The bad news on house prices is part of the good news for investors in US apartment REIT stocks. American households are extraordinarily mobile, which means they frequently face the decision whether to buy or rent their next dwelling. With house values widely expected to decline further and mortgage rates uncertain at best, many households prefer to rent - which means more demand for dwelling units owned and managed by apartment REITs.

Operating efficiencies support increased net income
The internet has been an unexpected partner in supporting apartment REIT returns. US apartment REITs have developed sophisticated web portals to market available units, reducing between-tenant vacancies and supporting rents. Independent academic researchers have found that apartment REITs produce much stronger returns at the property level than institutional owners of apartment buildings - a REIT performance advantage that may be explained by superior property management.

Construction costs keep supply down
New apartment construction has been moderate during the past 15 years, in large part because construction costs have been relatively high. High prices for steel and other commodities used heavily in commercial construction kept supply in check even when financing was cheap and plentiful. With the advent of the US credit crisis, constraints on the supply of new construction have been magnified - helping to keep vacancy rates down and rents high.

Inflation concerns prompt a flight to real estate
Real estate has long been recognised as among the most effective inflation hedges, and US investors are increasingly concerned that domestic inflation is increasing dramatically. Apartment REITs have generally been able to pass higher costs on to tenants in the form of annual rent adjustments. Because of this, apartment REITs have historically provided an especially strong hedge for inflation-wary investors.

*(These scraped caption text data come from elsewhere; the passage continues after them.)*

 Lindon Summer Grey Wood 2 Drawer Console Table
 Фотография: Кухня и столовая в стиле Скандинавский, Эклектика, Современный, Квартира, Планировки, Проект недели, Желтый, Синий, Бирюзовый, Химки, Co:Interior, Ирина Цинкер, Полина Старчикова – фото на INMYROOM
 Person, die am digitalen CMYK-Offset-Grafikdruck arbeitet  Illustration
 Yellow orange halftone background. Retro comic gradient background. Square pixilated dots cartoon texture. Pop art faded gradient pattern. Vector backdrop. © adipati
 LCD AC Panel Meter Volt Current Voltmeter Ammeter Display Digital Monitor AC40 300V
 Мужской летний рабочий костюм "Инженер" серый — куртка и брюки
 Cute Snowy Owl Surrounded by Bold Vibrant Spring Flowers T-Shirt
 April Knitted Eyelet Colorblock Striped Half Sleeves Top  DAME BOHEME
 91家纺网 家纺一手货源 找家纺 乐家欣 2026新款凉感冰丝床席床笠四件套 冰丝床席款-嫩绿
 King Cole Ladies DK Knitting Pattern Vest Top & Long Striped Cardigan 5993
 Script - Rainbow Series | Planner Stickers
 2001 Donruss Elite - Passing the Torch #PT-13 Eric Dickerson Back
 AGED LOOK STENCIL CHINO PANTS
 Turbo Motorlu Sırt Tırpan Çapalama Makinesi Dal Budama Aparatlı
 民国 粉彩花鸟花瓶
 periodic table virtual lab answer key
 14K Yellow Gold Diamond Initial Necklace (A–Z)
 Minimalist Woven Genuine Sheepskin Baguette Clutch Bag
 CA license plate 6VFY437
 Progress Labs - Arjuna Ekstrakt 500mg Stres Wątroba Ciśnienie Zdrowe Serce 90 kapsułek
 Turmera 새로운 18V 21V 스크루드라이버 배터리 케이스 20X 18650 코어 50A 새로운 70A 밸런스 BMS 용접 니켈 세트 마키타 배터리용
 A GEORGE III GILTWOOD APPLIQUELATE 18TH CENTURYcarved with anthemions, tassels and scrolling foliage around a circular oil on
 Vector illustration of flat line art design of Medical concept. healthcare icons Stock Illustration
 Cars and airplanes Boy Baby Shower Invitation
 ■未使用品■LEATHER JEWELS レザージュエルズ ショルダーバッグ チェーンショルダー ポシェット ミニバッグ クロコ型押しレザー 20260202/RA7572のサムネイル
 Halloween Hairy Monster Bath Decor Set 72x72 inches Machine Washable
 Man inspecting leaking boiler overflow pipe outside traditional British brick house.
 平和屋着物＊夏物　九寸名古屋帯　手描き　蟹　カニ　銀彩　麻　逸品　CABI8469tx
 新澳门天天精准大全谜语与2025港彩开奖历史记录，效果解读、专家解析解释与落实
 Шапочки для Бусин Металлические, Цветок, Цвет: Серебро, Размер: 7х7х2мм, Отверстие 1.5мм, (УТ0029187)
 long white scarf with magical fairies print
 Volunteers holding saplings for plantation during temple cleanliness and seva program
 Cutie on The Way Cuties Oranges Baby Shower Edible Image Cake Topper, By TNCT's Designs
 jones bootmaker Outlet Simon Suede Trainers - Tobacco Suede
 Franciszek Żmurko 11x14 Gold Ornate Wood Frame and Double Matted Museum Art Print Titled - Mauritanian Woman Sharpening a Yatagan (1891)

Market momentum increases upside potential

Finally, part of the outperformance of the apartment sector can be traced to market dynamics. Stock market investors typically overreact in a downturn, driving company values down below the values of their underlying assets. The 2007 downturn hit apartment REITs more severely than any other sector of the US REIT market - suggesting that, for some reason, investors may have overreacted more strongly against apartment REIT stocks than against other REIT stocks. If so, that would explain why the recovery in apartment REIT stock prices started at least two months before other REIT sectors.

The view from here

Nobody can predict the future for apartment REITs or any other investment, but it is helpful to look to the past for a sense of what the future may bring. Each of the previous downturns in the US REIT market - the first in 1989-1990, the second in 1997-1999 - was followed by a bull market with total returns averaging at least 20% for at least seven years. That means the current market may provide investors a golden opportunity to upgrade their investment portfolios. Over the last 30 years, through all three downturns, the total return on US equity REITs has still averaged 13.9% per year - compared to the broad US stock market at 12.4%, US large cap stocks at 12.1%, and non-US stocks at 10.6%. And equity REITs have achieved this outperformance with less volatility: a monthly standard deviation of 3.95%, compared to 4.4% for the broad US stock market, 4.3% for US large cap stocks, and 4.8% for non-US stocks.Most importantly, though, apartment REITs and other equity REITs have been among the most effective assets for constructing a well-performing, diversified portfolio. Since 1993 the correlation between US apartment REIT returns and the broad US stock market has been just 32% - meaning that apartment REITs have been a much more effective portfolio diversifier for US investors than international stocks, with a correlation of 77%. From the perspective of a non-US investor, US apartment REITs are even more valuable: the correlation between apartment REIT returns and non-US stock returns has been just 26%.
Investors worldwide can choose from a varied menu of opportunities to include US investments in their portfolio. While many of the sounds coming from the US are sad - bank liquidity problems, below-target earnings, inflation concerns, and declining house prices - the dirge has long since ended in one segment of the US residential real estate market as REITs take up the melody, vivace.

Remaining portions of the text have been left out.